あの時の小熊は今やこんなに大きくなっている。「あい、」と言葉を放った時は吃驚したけどなんでも頑張れば出来るようになるもんね。


ベポは、必死で言葉を覚えて、スパルタなローに体術も叩き込まれたようだ。「あの時のキャプテン、…怖かった」ぶるりと語りながら震えるベポに可笑しくて笑う。わたしは相槌を打ちながら、わたしもローに言葉を教わっている時何度も怒られたのを思い出して喋る。


「この間なんて、キャプテン読書の邪魔されたからって、チンピラ数人実験体にしちゃうし」


もう大変なんだよね、と笑えないことを笑って言うベポ。わたしは乾いた笑みを浮かべ、ローくんならやるな、と遠くを見た。わたし、何度実験体と言われ虐められたことか。
話は大半がローくんが絡んでて、ベポは本当にローくんのこと好きなんだなと思って微笑ましかった。うん、と相槌を打って笑って、時に驚いたり、旅の話はとても不可式でけれど楽しそうな船旅をしてきたようだ。

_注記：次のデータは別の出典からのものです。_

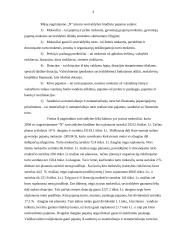 Savivaldybės pajamų ir išlaidų analizė 3 puslapis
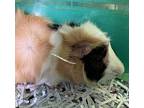 Snap, Guinea Pig For Adoption In Sioux City, Iowa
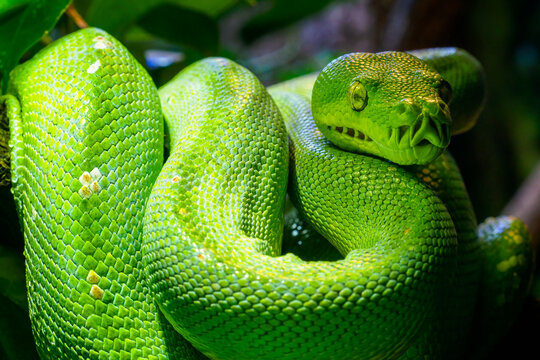 Green tree python (Morelia viridis) close-up. Portrait art.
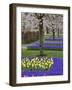 Pattern of tulips and Grape Hyacinth flowers, Keukenhof Gardens, Lisse, Netherlands-Adam Jones-Framed Photographic Print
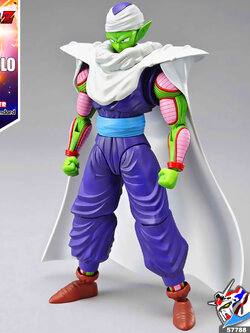 FRS PICCOLO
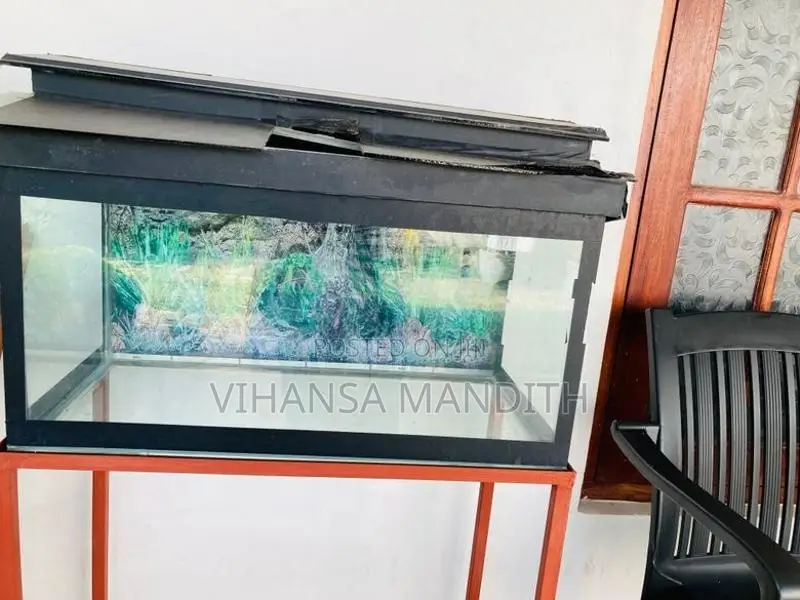 Fish tank
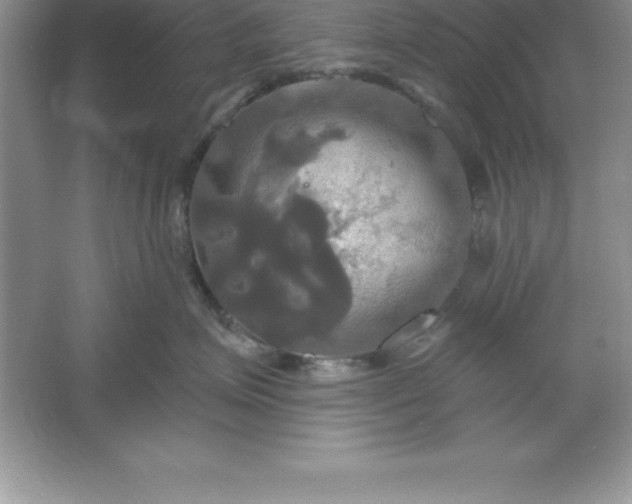 X0000061750623200512161718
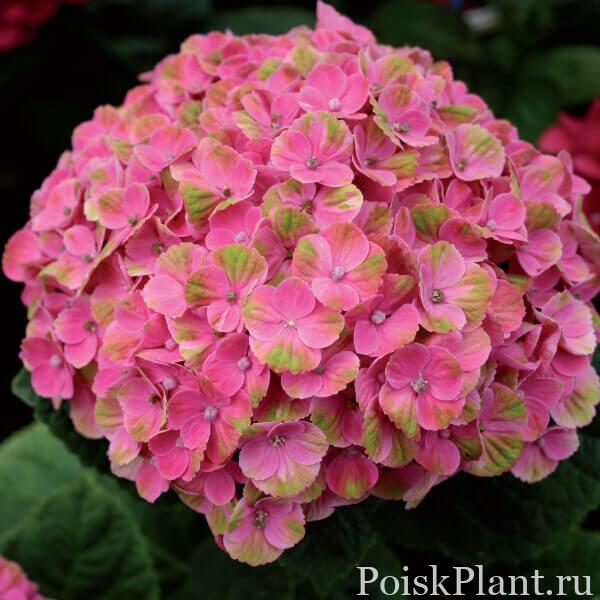 Гортензия крупнолистная Magical Coral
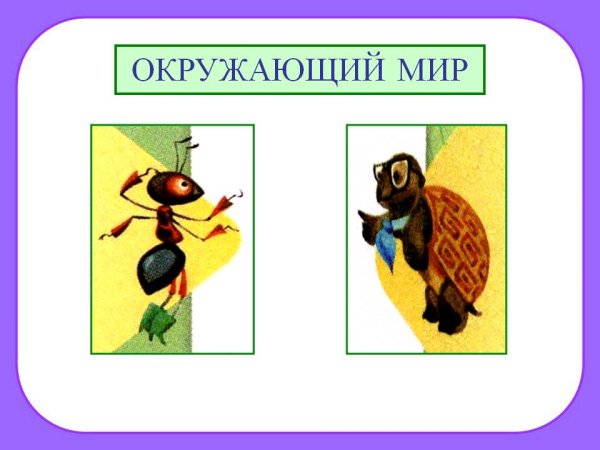 Урок окружающего мира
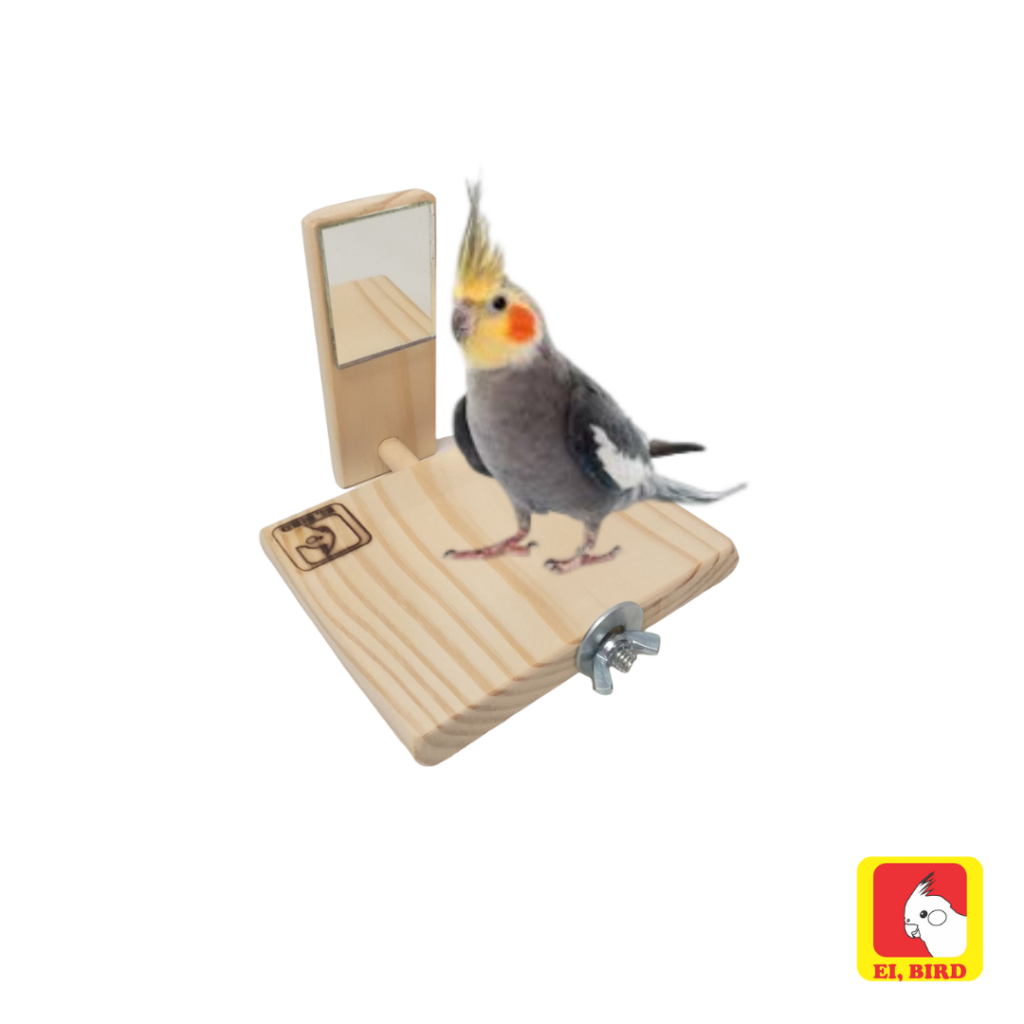 Poleiro Plataforma de Descanso C/ Espelho P/ Calopsita, Papagaio, Agapornis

「それにね、この海に入るのが山ってのはビックリしたよ」


と、時化で荒れた航行の中このグランドラインに入った時の話も教えてくれた。そして航行の途中、貴族の敵船に遭い返り討ちにしたこと。そして、グランドラインはじめての此の島に、因縁吹っかけた貴族が居て戦う予定だったこと。わたしの匂いがしたこと。救出へと繋がる道はなんとベポの一声だったのだ。


「ベポ―!ありがとう、本当にありがとね!」


わたしは、運がついていた。っていうか、わたしの匂いってそんなに匂うのかしら。結構ショック。わたしはクンクンかんでみるが良く分からなかった。


「ベポ、わたし、そんなに匂うかなぁ…」


ちゃんと毎日水浴びしてたんだけど。しゅんとしたわたしに首を傾げたベポは、「とても甘くていい匂いだよ!」と言ってガバリと腹筋で起き上がる。勢いでそのままベポのお腹を滑って正面で向かい合う。見上げると、じゃれる様にベポはわたしの首筋に鼻先をぐりぐり押しつけてくる。


「やっ!!やだ、ベポッくすぐった…ッ」
「いいにおいだよー!!お日様みたい!!」
「ベポの馬鹿ぁー!!くすぐったいって言ってんのに!!ってコラ、ちょっと舐めないで!」
「だって、ほっぺ傷出来てる。大丈夫、絶対キャプテンが治してくれるからね!」


わたしとベポは部屋の中で結構な騒ぎを起こしているのに気付かなかった。







一方、隣の部屋では。
手を出して治療したからには責任を持つのが流儀で、街を回っていたローとペンギン。


夕方になり帰った矢先の元気の良さ。ペンギンは苛立った男の背を見て吹き出しそうになった。しかもなんだか聴くに少し妖しさを伴って聞こえてしまった、自分の耳が変なのだろうか。ペンギンの耳に聞こえたなら当然この男にも聞こえているはずで。


「――…ペンギン、あの馬鹿どもに安静という言葉を教えて来い」
「嫌です。二人に言葉教えたの船長なんですから、船長が行ってください」


そんな話がされてるとは露知らず、穏やかに時間が過ぎたのであった。